We have designed an automated visual surveillance system for monitoring sleeping infants. The low-level image processing is implemented on an embedded Xilinx's Virtex II XC2v6000 FPGA and quantifies the level of scene activity using a specially designed background subtraction algorithm. We present our algorithm and show how we have optimised it for this platform.
Introduction
Advances in surveillance technology have exposed many potential areas of application, such as detection of criminal activity [4] and supportive care [3] . We have designed a surveillance system to monitor sleeping infants. Our design employs a distributed architecture in which low-level processing is implemented on-camera using an embedded FPGA unit, and the results transmitted wirelessly to a PC based monitoring station. The bandwidth requirement of processed data is minimal, so that multiple cameras may simultaneously transmit results to a single station. We term the camera/embedded processor setup a "smart camera".

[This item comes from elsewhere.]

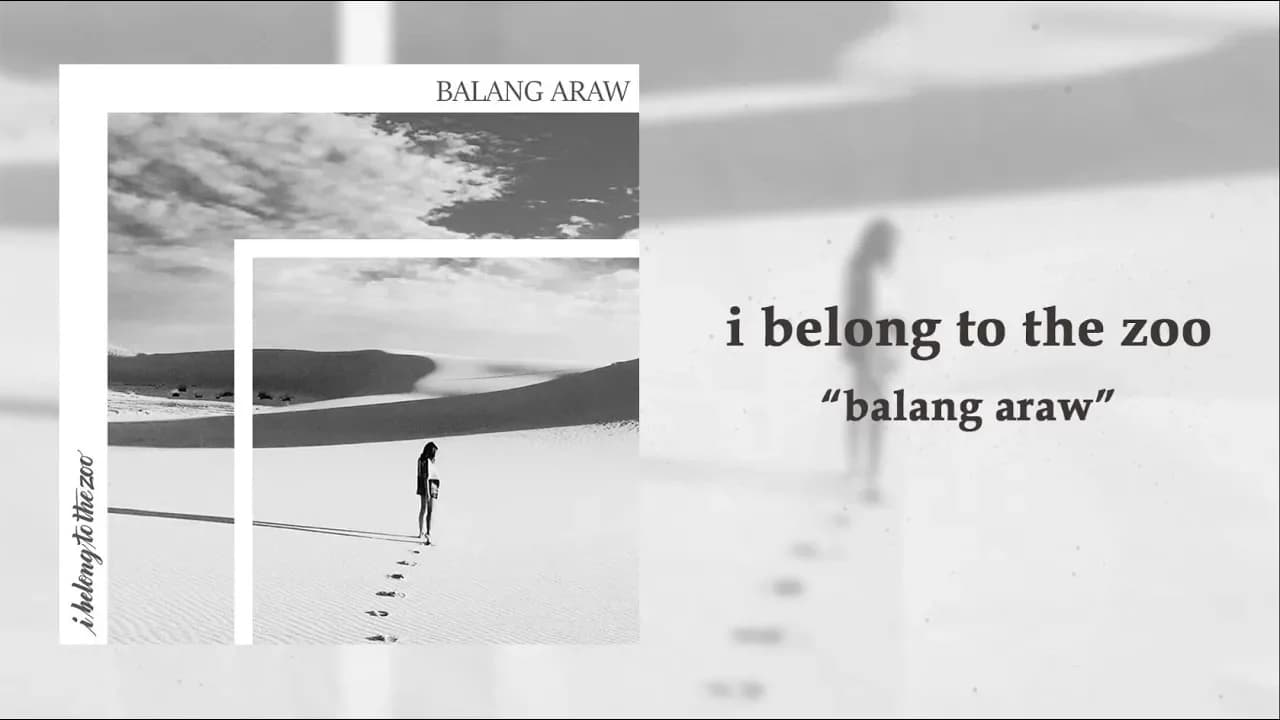 I Belong to the Zoo - Balang Araw (Official Lyric Video)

Thus far we have built a PC based prototype of the system for the purposes of functional evaluation. We have reimplemented the low-level processing functions on a Xilinx Virtex II XC2v6000 FPGA unit, so that we can the evaluate the performance of the smart camera unit. We present our algorithms, the results of our evaluations, and show how we have optimised our low-level algorithm for the platform.
Algorithm Design and Evaluation
Our premise is that different levels of activity (characterised by intensity and duration) are indicative of waking state. Low-intensity activity is associated with the normal sleepwake cycle. High-intensity movement indicates that attention may be required. Low-level processing estimates the level of activity from one frame to the next, and high-level processing models the activity level over time. For testing we used 720×576 monochromatic video images captured using a DV camcorder under infra-red illumination, which suffered from some level of noise.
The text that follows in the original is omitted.